Palabras de ánimo para nuestros hermanos de Altar
Estamos llamados, en estos momentos de prueba para nuestro país, a reforzar nuestra oración. Levantemos nuestra tienda para protegerlo desde la posición que Cristo nos dio: defensores de la fe e imagen de la mansedumbre. Estaremos solos, sí, pero para proteger a nuestro pueblo. Viviremos por medio de la oración y la cordialidad. Es perceptible la necesidad de una consejería espiritual para un pueblo desorientado por el temor y la dictadura de la enfermedad.
Hagámoslo con amor y sensatez. Mantengamos encendidas las candelas sobre el Altar, sin hacer de esto un motivo de “orgullo profesional”. Ahora queda evidenciado que la Iglesia es una parte integrante de la UCI (Unidad de Cuidados Intensivos) de nuestro país. Pongamos las rodillas sobre la tierra y el alma a los pies de la Cruz de Cristo. ¡Seamos valientes y demos testimonio, con nuestras homilías, de la Gracia y el poder del Señor! Estamos en uno de los más importantes ayunos de Cuaresma de la historia moderna de nuestra nación. Pero, más allá de cualquier palabra, que nuestros actos demuestren que a la Iglesia le importa, que no tenemos una Ortodoxia compuesta de “ustedes” y “nosotros”. Que no tenemos un cristianismo parecido a una reserva mística.
Somos hijos de Dios.
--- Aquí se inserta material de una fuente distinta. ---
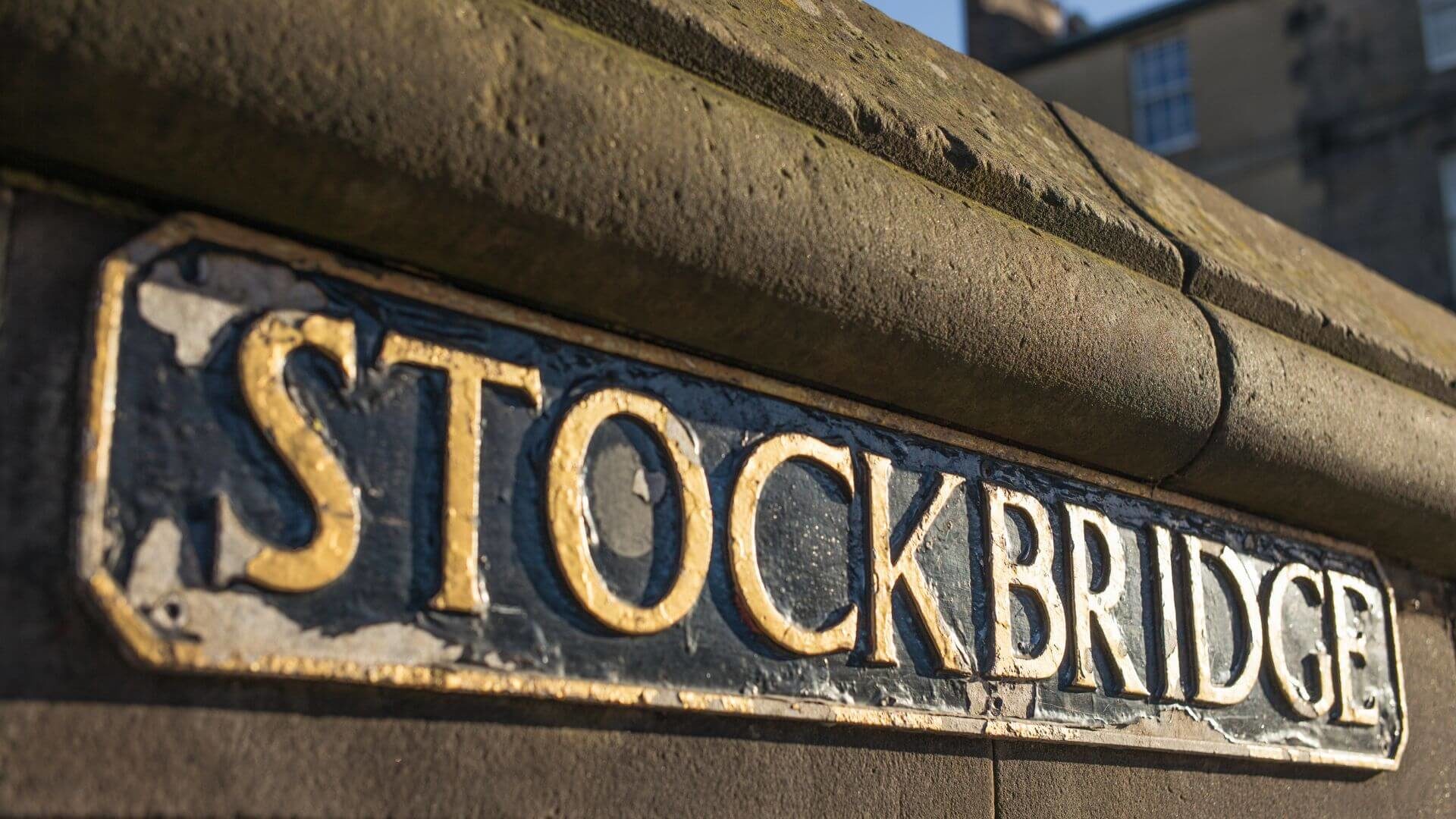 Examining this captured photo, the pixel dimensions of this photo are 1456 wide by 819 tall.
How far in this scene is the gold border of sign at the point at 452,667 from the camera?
4.35 ft

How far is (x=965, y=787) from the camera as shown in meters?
2.08

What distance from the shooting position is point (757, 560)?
1.89 metres

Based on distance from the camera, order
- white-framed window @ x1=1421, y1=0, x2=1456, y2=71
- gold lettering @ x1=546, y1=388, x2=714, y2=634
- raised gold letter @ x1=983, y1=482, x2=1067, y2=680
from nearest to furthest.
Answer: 1. gold lettering @ x1=546, y1=388, x2=714, y2=634
2. raised gold letter @ x1=983, y1=482, x2=1067, y2=680
3. white-framed window @ x1=1421, y1=0, x2=1456, y2=71

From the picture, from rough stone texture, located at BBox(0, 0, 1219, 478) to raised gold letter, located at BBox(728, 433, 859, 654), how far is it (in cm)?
11

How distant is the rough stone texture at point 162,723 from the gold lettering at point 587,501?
4.7 inches

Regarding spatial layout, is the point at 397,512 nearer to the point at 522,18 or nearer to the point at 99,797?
the point at 99,797

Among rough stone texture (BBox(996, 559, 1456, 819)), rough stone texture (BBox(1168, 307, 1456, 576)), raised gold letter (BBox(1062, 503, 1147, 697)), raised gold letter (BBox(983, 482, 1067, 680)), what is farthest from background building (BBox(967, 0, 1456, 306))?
raised gold letter (BBox(983, 482, 1067, 680))

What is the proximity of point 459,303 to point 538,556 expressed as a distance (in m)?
0.30

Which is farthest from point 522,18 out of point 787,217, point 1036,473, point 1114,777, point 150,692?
point 1114,777

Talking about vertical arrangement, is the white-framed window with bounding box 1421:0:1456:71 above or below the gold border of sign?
above

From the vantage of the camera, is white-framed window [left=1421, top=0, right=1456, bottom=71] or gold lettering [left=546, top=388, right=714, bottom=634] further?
white-framed window [left=1421, top=0, right=1456, bottom=71]

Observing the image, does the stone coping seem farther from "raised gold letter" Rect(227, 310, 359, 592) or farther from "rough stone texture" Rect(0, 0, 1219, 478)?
"raised gold letter" Rect(227, 310, 359, 592)

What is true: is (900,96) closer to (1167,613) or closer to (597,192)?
(597,192)

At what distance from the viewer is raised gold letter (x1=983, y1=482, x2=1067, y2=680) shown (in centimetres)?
217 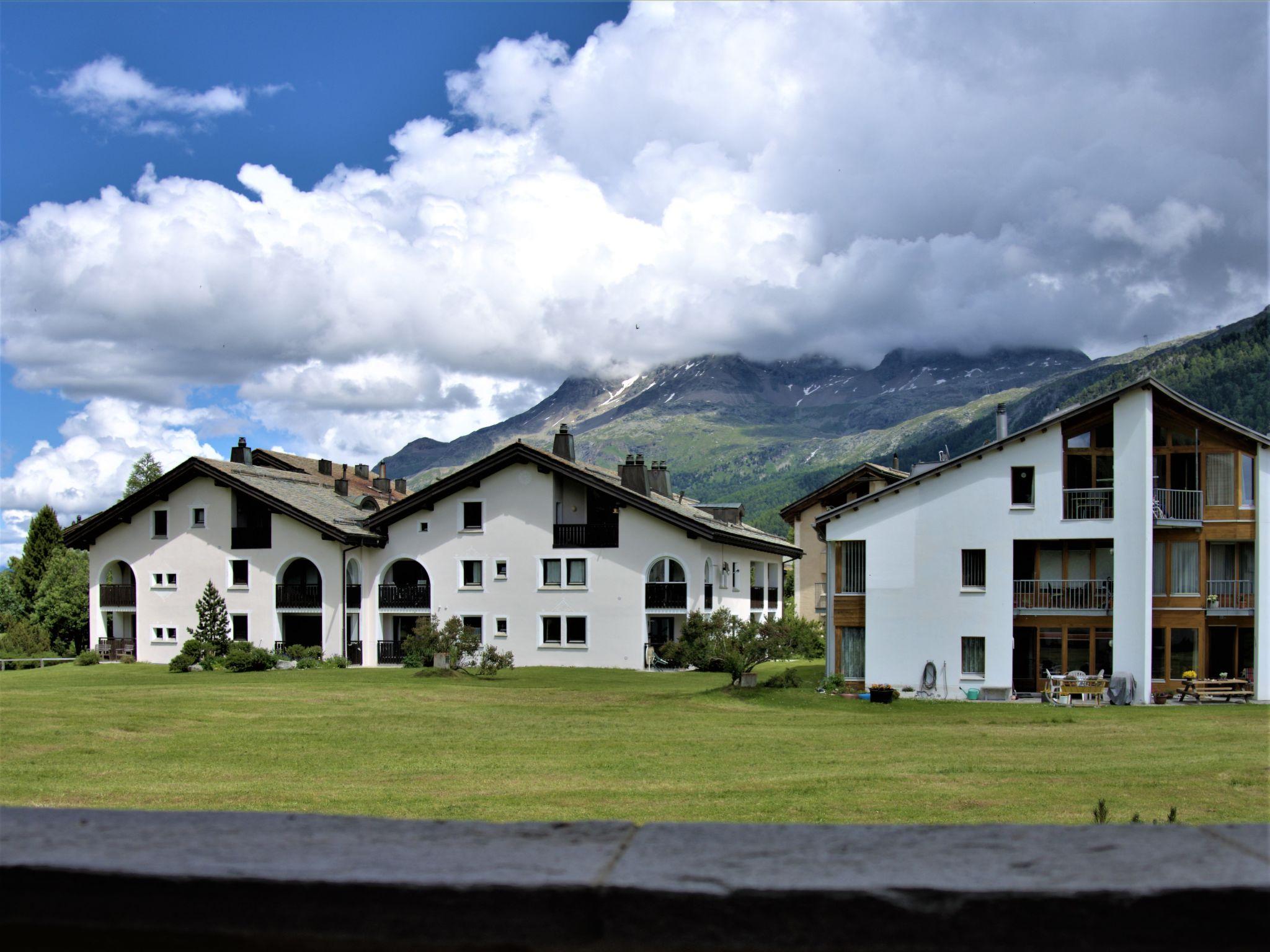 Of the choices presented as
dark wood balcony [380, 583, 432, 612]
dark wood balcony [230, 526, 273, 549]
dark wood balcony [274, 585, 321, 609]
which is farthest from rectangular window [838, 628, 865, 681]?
dark wood balcony [230, 526, 273, 549]

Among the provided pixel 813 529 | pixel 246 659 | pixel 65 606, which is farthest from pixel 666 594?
pixel 65 606

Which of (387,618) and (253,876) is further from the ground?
(253,876)

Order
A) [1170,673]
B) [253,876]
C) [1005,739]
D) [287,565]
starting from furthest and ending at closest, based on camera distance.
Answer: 1. [287,565]
2. [1170,673]
3. [1005,739]
4. [253,876]

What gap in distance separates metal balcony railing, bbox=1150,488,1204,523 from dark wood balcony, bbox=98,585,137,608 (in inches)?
1796

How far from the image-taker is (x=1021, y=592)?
36.7 metres

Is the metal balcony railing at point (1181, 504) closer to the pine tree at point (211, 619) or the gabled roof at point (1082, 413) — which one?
the gabled roof at point (1082, 413)

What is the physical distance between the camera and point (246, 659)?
48500 mm

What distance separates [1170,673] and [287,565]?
38405mm

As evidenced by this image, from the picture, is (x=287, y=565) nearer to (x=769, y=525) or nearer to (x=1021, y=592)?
(x=1021, y=592)

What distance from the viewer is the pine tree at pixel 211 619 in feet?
173

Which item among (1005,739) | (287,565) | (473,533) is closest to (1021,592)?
(1005,739)

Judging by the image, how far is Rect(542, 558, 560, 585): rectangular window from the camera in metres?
51.6

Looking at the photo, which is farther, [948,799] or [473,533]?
[473,533]

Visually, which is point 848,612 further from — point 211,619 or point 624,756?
point 211,619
Oremos por todos. Recordemos en nuestras plegarias también a los sacerdotes misioneros en el extranjero. Son esos “colegas” nuestros a quienes les falta la Divina Liturgia. ¡Celebremos los oficios litúrgicos con dos, tres, miles de corazones en el nuestro! Somos todos. No falta nadie. Vivos y muertos somos Iglesia. ¡Necesitamos los unos de los otros para hacer frente a los difíciles momentos de ahora, para que podamos vivir por completo la Alegría de la Resurrección! Porque, no es posible que haya alguien que resucite solo, cuando suceda la Segunda Venida. No rebajemos nuestra homilía a palabras atemorizantes o de juzgar al prójimo. ¡Es suficiente! El juicio es cosa del Señor. Nuestra es la voz que puede llamar a la contrición y la valentía, así como al honor de ayudar al prójimo.
No estamos desarmados. Tenemos las armas más poderosas. ¡Son las del Espíritu Santo! No nos permitamos distraernos o desfallecer. Revistámonos, en palabras del Apóstol Pablo, con la armadura de la fe y el amor, cubriéndonos con el yelmo de la esperanza en la salvación (I Tesalonicenses 5.8). ¡Aprendamos nuevamente a repetir, como aquellos ancianos monjes de un relato que todos conocemos, “Nosotros, tres. Ustedes, Tres. Tengan piedad de nosotros”! ¡Y de nuestro país!